Se uma empresa conseguir envolver desta forma as pessoas – para construir algo que as transcende, mas do qual também vão beneficiar – os resultados serão muito positivos.
O empreendedor avança, arrisca e constrói algo a partir de uma ideia
No entanto, para a especialista não há dúvida de que empresários que constroem grandes empresas a partir do nada são admiráveis. Como é o “caso estudo” do fundador do Grupo Auto Júlio.
Um bom empreendedor é aquele que tem a capacidade de construir algo a partir de uma ideia e, depois, de manter a sua empresa. É essencial ter uma visão estratégica que antecipe os problemas e criar uma estrutura que suporte o crescimento da empresa.
Até porque, de cada vez que uma empresa cresce ou muda algo, surgem novas questões e, eventualmente, problemas. Um bom líder deve ter abertura para poder antecipar novos problemas e prever/ criar soluções.
Para a psiquiatra, com formação técnica e experiência em dinâmicas de grupo, o empreendedorismo é muito importante, mas não é a panaceia universal. “Nem toda a gente tem a capacidade de ser um empreendedor e não é mau profissional por não ter”, sublinha. Na sua opinião, da mesma forma que há concursos de empreendedorismo, deveriam existir outros em relação a trabalho de equipa, por exemplo. “Há quem prefira fazer o seu trabalho sem holofotes, sente-se realizado assim e faz um trabalho notável”.
O empreendedor é aquele que tem a capacidade de avançar e de construir algo diferente. Que sabe arriscar, mas também que sabe reconhecer o valor dos outros e consegue envolver outros saberes, para poder crescer de uma forma consistente.

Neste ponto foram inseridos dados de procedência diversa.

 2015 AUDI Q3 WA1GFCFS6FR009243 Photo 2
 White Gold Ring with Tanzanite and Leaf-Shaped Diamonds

Um dos erros mais comuns na gestão, são as normas muito rígidas. Matam a criatividade que existe em cada um de nós, não existindo liberdade para conseguir que novas ideias tragam melhores resultados.
EM CAIXA
PERFIL DO EMPREENDEDOR
O empreendedor tem de ser uma pessoa que confie nas suas qualidades pessoais. Que acredite em si próprio, com capacidade de trabalho e criatividade acima da média.
Um empreendedor tem que ser uma pessoa persistente, com capacidade de resistir mesmo nos momentos mais difíceis e de criar laços estreitos com colaboradores, fornecedores e clientes.
Com estas ferramentas, o empreendedor realiza-se pessoalmente e cria riqueza, nomeadamente através de postos de trabalho e impostos pagos, contribuindo para o desenvolvimento da economia e do país.